Denial of Service – for once a technical term that is pretty much exactly what it says on the tin. Essentially the service you are trying to provide (be that internet access, a corporate application, connectivity), is denied. I unplug your TV and you can no longer watch TV, denial of service, simple.
In a volumetric Denial Of Service, where a large “volume” of traffic is created to fill up your connectivity pipe, typically you need some way of creating the traffic and sending it towards your victim. This could be a single machine pumping out traffic, but this is rather hard to scale nowadays for the amount of traffic needed to clog some pretty beefy pipes.
Distributed Denial of Services, again, means what it says. Instead of using one machine, you use a lot of distributed machines to all generate traffic simultaneously and point it at your victim (or many victims) to deny a service.
What is the problem?
Denial of Service and Distributed Denial of Service have been around for some time, but with the advent of IOT (Internet of Things) and proliferation of cheap devices with basic distros and firmware, the scale of DDOS has exploded over the last year or so. The major headlines making people take notice were around the Dyn DNS attacks – which were a combination of the Mirai botnet and Bashlite, affecting the services of Twitter, Github, Dyn DNS, Netflix, Reddit etc. Variants thereafter affected many Deutsche Telecom and Talk Talk routers to name a few.
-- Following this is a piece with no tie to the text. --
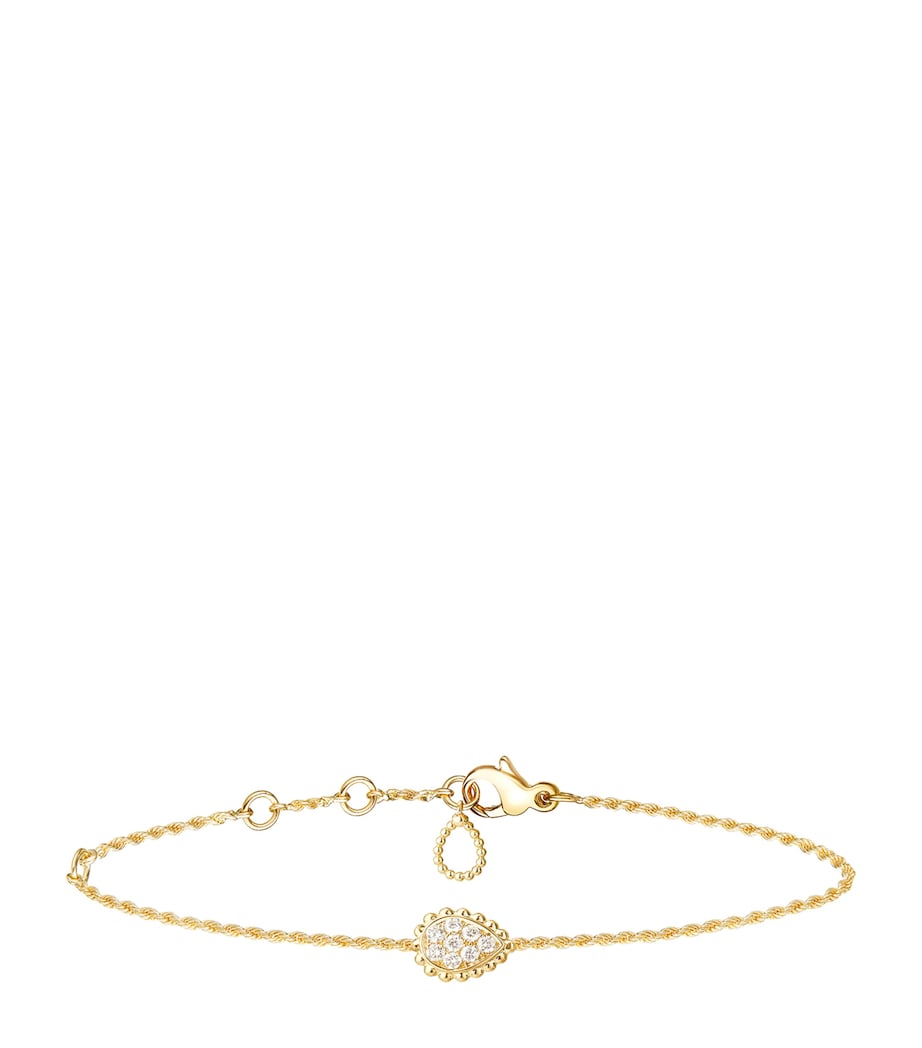 Boucheron Serpent Bohème yellow gold diamond bracelet, imported from the UK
This, in turn, signaled the dawn of Terabit per second DDOS attacks with tens of millions of IP addresses.
Mirai and Bashlite
The Mirai botnet scans Ip addresses of vulnerable IOT devices with default usernames and password, reports to a control server, and from there can become a BOT to be used for DDOS. It also removes competing malware from memory and blocks remote admin ports. The source code for Mirai was dropped into the open, so effectively became open source.
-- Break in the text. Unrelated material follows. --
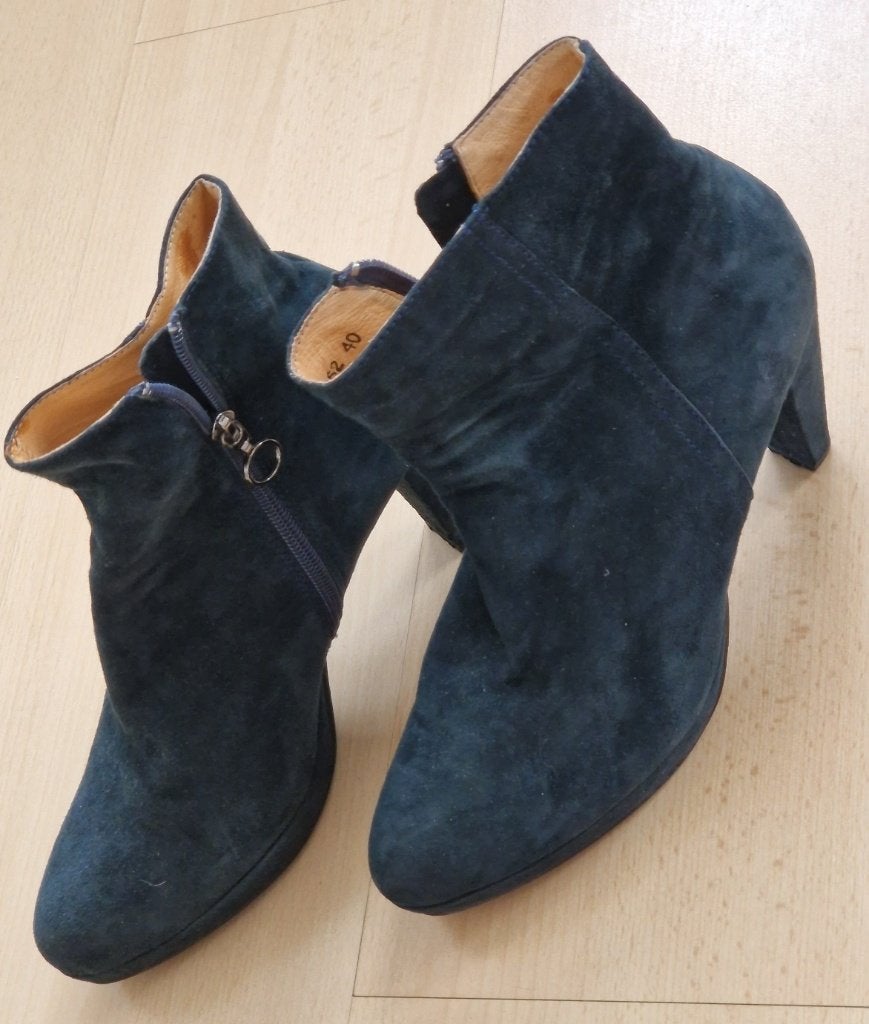 Di Lauro enkellaarzen, zgan,donkerblauw maat 40, Blauw, Lage of Enkellaarzen, Ophalen of Verzenden, Di Lauro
Bashlite came out of a flaw in the Bash Shell (ShellShock) which took advantage of devices running BusyBox. BusyBox is software to provide unix tools in a single binary – originally for Debian distro, so instead of each app having its own binary, you can call the single BusyBox binary with different names for various apps. Essentially this allows code to be shared between multiple applications without requiring a library to reduce overhead. Useful for memory constrained, portable operating system environments – POSIX – hence IOT).
From booters and stressers, to unpatched NTP or DNS internet services, old home routers, 4g/5g handsets, all variety of IOT devices with basic firmware, flimsy linux distros with secondary passwords etc. if these types of devices are converted to a network of botnets, then you can ask them all to send traffic to somewhere and the traffic scales rather quickly. A brief Internet search for booters and stressers reveals just how easy it is to rent a service to cause annoyance and disruption (not that you would generally want to do that of course, as they are mostly illegal for use in the wild, but for testing purposes for your own infrastructure with correct permissions … maybe).
Unfortunately in a rush to get basic functionality out there, the market has been flooded with a variety of cheap IOT devices (or IOCT – Internet of cheap or crappy things).
As many of these cheap IOT devices never get upgraded through hardware, firmware or software, or swapped out all too often, we shouldn’t expect this problem to go away any time soon. (Mirai, incidentally, means “future” in Japanese.)
This is the general problem, so where typically on your infrastructure does it present?
The Denial of Service problem typically affects several places in the network, most commonly the Internet Pipe, the Firewall and the actual server under attack, but SQL servers, load-balancers, IPS/IDS are also affected. The failure of Firewall, IDS/IPS or Application delivery controllers to address the problem (they tend to get hosed in a serious attack), has lead to dedicated DDOS solutions in the market. As Internet pipes tend to be hit the most a lot of focus has ended up there.
So what is the solution, and is there a 100% effective solution today? (I am guessing we already know the answer).
Historically the first way to mitigate an attack would be for an enterprise who is being DOS’d to contact their friendly Service Provider upon detection and ask for help. The SP would then perhaps install an ACL or provide filtering ad-hoc. This could be a short conversation and ultimately money based – so not altogether that practical long term.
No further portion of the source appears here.